(Task description) Leave the pictures out and quote only the lines from the one with "So we will use" down to the end of the listing below.

*** Data to process

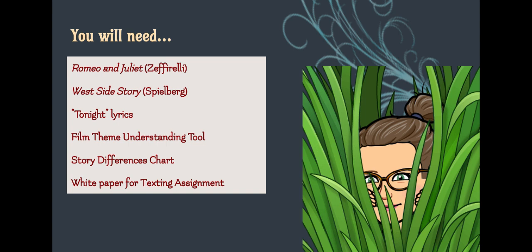For this lesson you will need the clip from Romeo and Juliet and the clip from West Side Story, the lyrics to the song 'Tonight' posted in today's lesson, the film theme understanding tool, and the story differences chart.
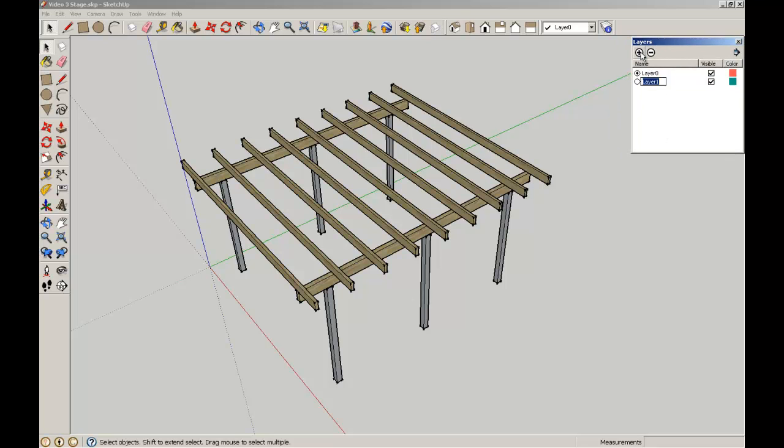I'm going to use the plus key. Now I'm going to add a layer called Subfloor, add another one, Floor, and another one, Walls.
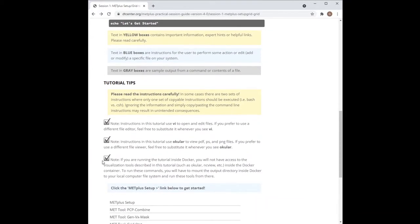Please note that some of the commands listed in the tutorial instructions use specific applications like VI to open or edit files, and Ocular to view PDF, PostScript, and image files. Users are encouraged to use their preferred tools instead of these suggested tools if they are more comfortable with them.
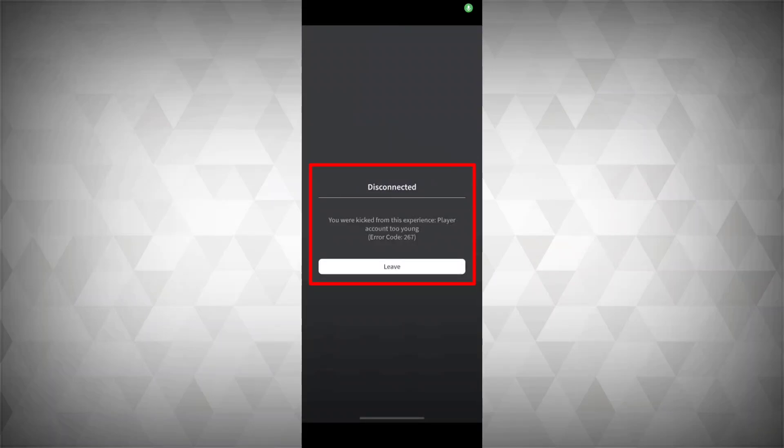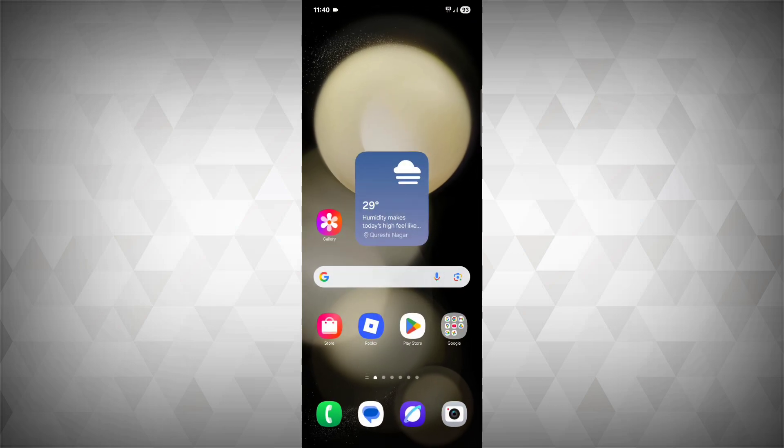If you are getting this error 'You were kicked from this experience, player account too young' on Roblox, then follow this step. First, just close the Roblox app and then reopen the Roblox app.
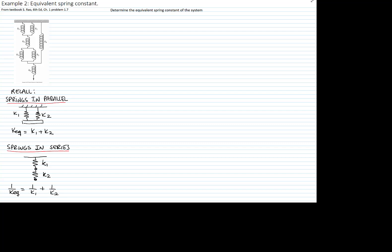So we will use these two formulas to find an equivalent spring for the whole system. The first we are going to do is add the springs that are in parallel. In this case k1 and k1, so there's two k1s, and k3 and k3.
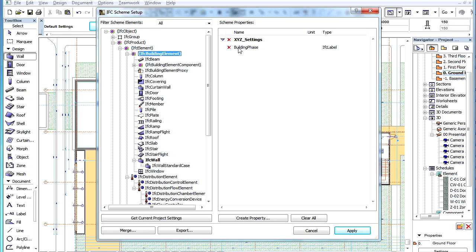If you wish to delete all IFC Properties currently in the Scheme, you may use the Clear All button of the Dialog.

******

(Output below)
So we will use these two formulas to find an equivalent spring for the whole system. The first we are going to do is add the springs that are in parallel. In this case k1 and k1, so there's two k1s, and k3 and k3.
If you wish to delete all IFC Properties currently in the Scheme, you may use the Clear All button of the Dialog.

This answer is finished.